Sunday, November 16, 2014

NetApp From the Ground Up - A Beginner's Guide Part 6

 Backups

  • Reference: NetApp Training - Fast Track 101: NetApp Portfolio
Affordable NetApp protection software safeguards your data and business-critical applications.
Explore the range of NetApp protection software products available to protect your valuable data and applications and to provide optimal availability, IT efficiency, and peace of mind.
We have a number of different types of data protection applications - they are:
Let's look at these in detail.

Disk-to-Disk Backup and Recovery Solutions

  • Reference: NetApp Training - Fast Track 101: NetApp Portfolio 
  • Disk-to-Disk Back up and Recovery Solutions
  • SnapVault software speeds and simplifies backup and data recovery, protecting data at the block level.
  • Open Systems SnapVault (OSSV) software leverages block-level incremental backup technology to protect Windows, Linux, UNIX, SQL Server, and VMware systems running on mixed storage.
  • SnapRestore data recovery software uses stored Data ONTAP Snapshot copies to recover anything from a single file to multi-terabyte volumes, in seconds.

Application-Aware Backup and Recovery Solutions for Application and Backup Administrators

  • Reference: NetApp Training - Fast Track 101: NetApp Portfolio 
  • Application-Aware Backup and Recovery Solutions for Application and Backup Admins
  • The SnapManager management software family streamlines storage management and simplifies configuration, backup, and restore operations.
  • SnapProtect management software accelerates and simplifies backup and data recovery for shared IT infrastructures.
  • OnCommand Unified Manager automates the management of physical and virtual storage for NetApp storage systems and clusters.

Business Continuity and High Availability Solutions

  • Reference: NetApp Training - Fast Track 101: NetApp Portfolio 
  • Business continuity and High Availability Solutions
  • SnapMirror data replication technology provides disaster recovery protection and simplifies the management of data replication.
  • MetroCluster high-availability and disaster recovery software delivers continuous availability, transparent failover protection, and zero data loss.

Snapshot

Basic Snapshots

In the beginning, snapshots were pretty simple: a backup, only faster. Read everything on your primary disk, and copy it to another disk.

Simple. Effective. Expensive.

Think of these kinds of snapshots as being like a photocopier. You take a piece of paper, and write on it. When you want a snapshot, you stop writing on the paper, put it into the photocopier, and make a copy. Now you have 2 pieces of paper.

A big database might take up 50 pieces of paper. Taking a snapshot takes a while, because you have to copy each page. And the cost adds up. Imagine each piece of paper cost $5k, or $10k.

Still, it’s faster than hand-copying your address book into another book every week.

It’s not a perfect analogy, but it’s pretty close.

Copy-on-Write Snapshots

Having to copy all the data every time is a drag, because it takes up a lot of space, takes ages, and costs more. Both taking the snapshot, and restoring it, take a long time because you have to copy all the data.

But what if you didn’t have to? What if you could copy only the bits that changed?

Enter copy-on-write snapshots. The first snapshot records the baseline, before anything changes. Since nothing has changed yet, you don’t need to move data around.

But as soon as you want to change something, you need to take note of it somewhere. Copy-on-write does this by first copying the original data to a (special, hidden) snapshot area, and then overwriting the original data with the new data. Pretty simple, and effective.

And now it doesn’t take up as much space, because you’re just recording the changes, or deltas.

But there are some downsides.

Each time you change a block of data, the system has to read the old block, write it to the snapshot area, and then write the new block. So, for each write, the disk actually does two writes and one read. This slows things down.

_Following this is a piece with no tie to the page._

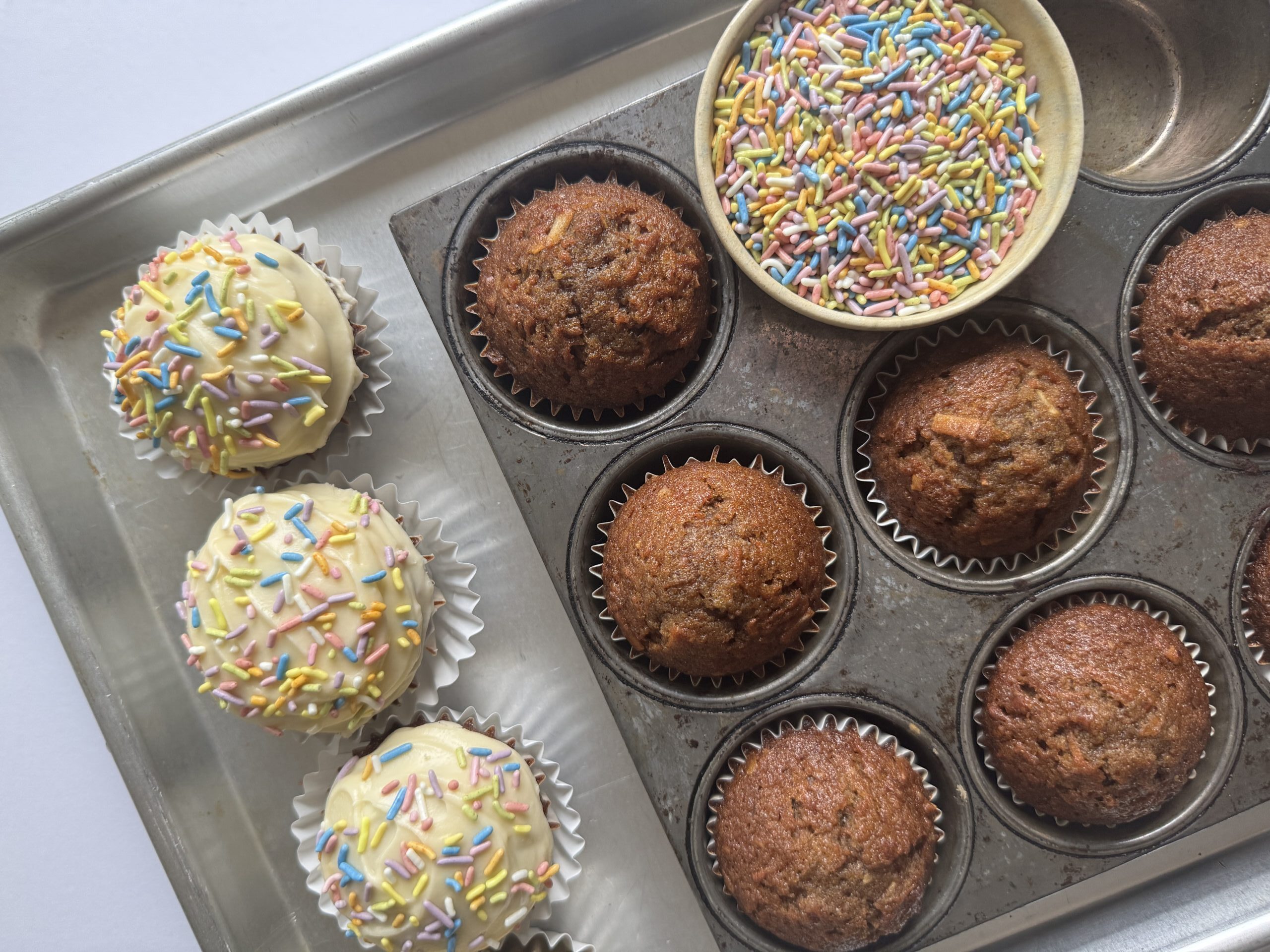 Naked Carrot and Banana Muffins, sprinkles on the side.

It’s a tradeoff. You lose a bit in write performance, but you don’t need as much disk to get snapshots. With some clever cacheing and other techniques, you can reduce the performance impact, and overall you save money but get some good benefits, so it was often worth it.

But what if you didn’t have to copy the original data?

NetApp Snapshots

NetApp snapshots (and ZFS snapshots, incidentally) do things differently. Instead of copying the old data out of the way before it gets overwritten, the NetApp just writes the new information to a special bit of disk reserved for storing these changes, called the SnapReserve. Then, the pointers that tell the system where to find the data get updated to point to the new data in the SnapReserve.

That’s why the SnapReserve fills up when you change data on a NetApp. And remember that deleting is a change, so deleting a bunch of data fills up the SnapReserve, too.

This method has a bunch of advantages. You’re only recording the deltas, so you get the disk savings of copy-on-write snapshots. But you’re not copying the original block out of the way, so you don’t have the performance slowdown. There’s a small performance impact, but updating pointers is much faster, which is why NetApp performance is just fine with snapshots turned on, so they’re on by default.

It gets better.

Because the snapshot is just pointers, when you want to restore data (using SnapRestore) all you have to do is update the pointers to point to the original data again. This is faster than copying all the data back from the snapshot area over the original data, as in copy-on-write snapshots.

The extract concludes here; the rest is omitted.